§ **Data for this task**

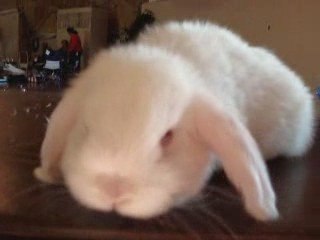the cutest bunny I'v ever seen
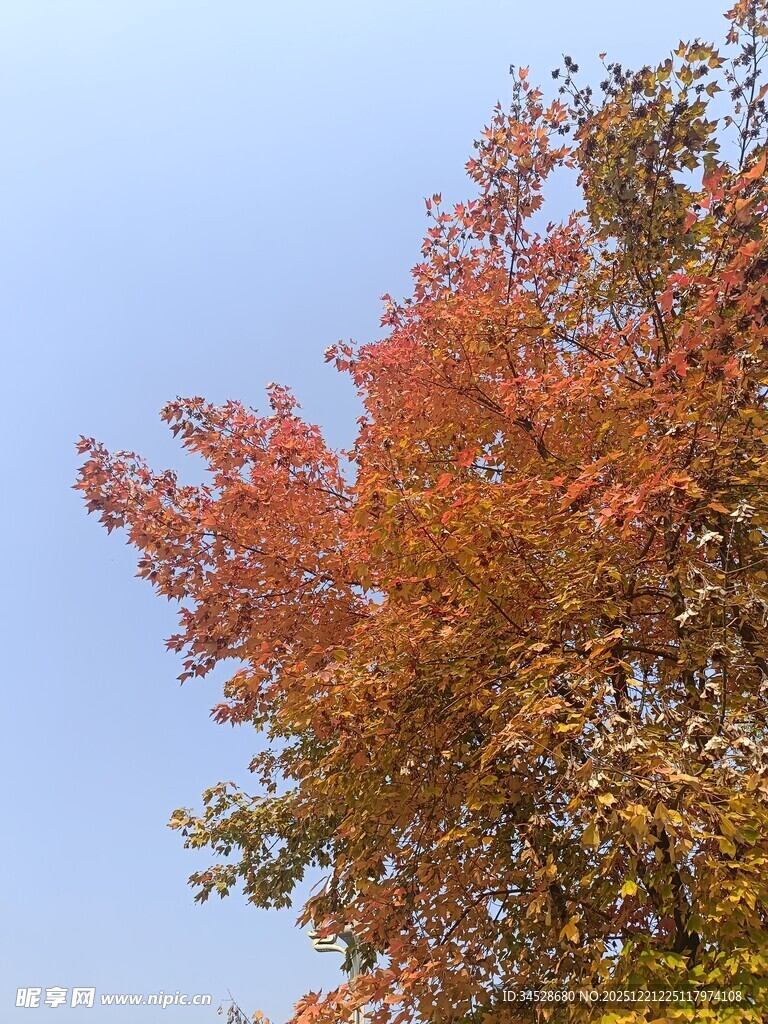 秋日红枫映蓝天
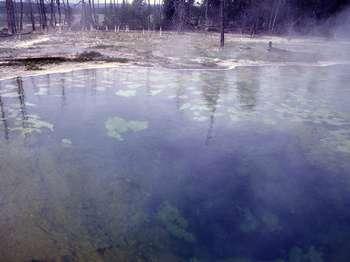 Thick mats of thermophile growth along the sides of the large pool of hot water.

---

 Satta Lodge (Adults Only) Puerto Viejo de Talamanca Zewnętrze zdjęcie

§ **Task details**
With the pictures omitted, print the lines above exactly, beginning at the line with "the cutest bunny I'v ever seen" and going on through the line with "Thick mats of".

§ **Output for this task**
the cutest bunny I'v ever seen
 秋日红枫映蓝天
 Thick mats of thermophile growth along the sides of the large pool of hot water.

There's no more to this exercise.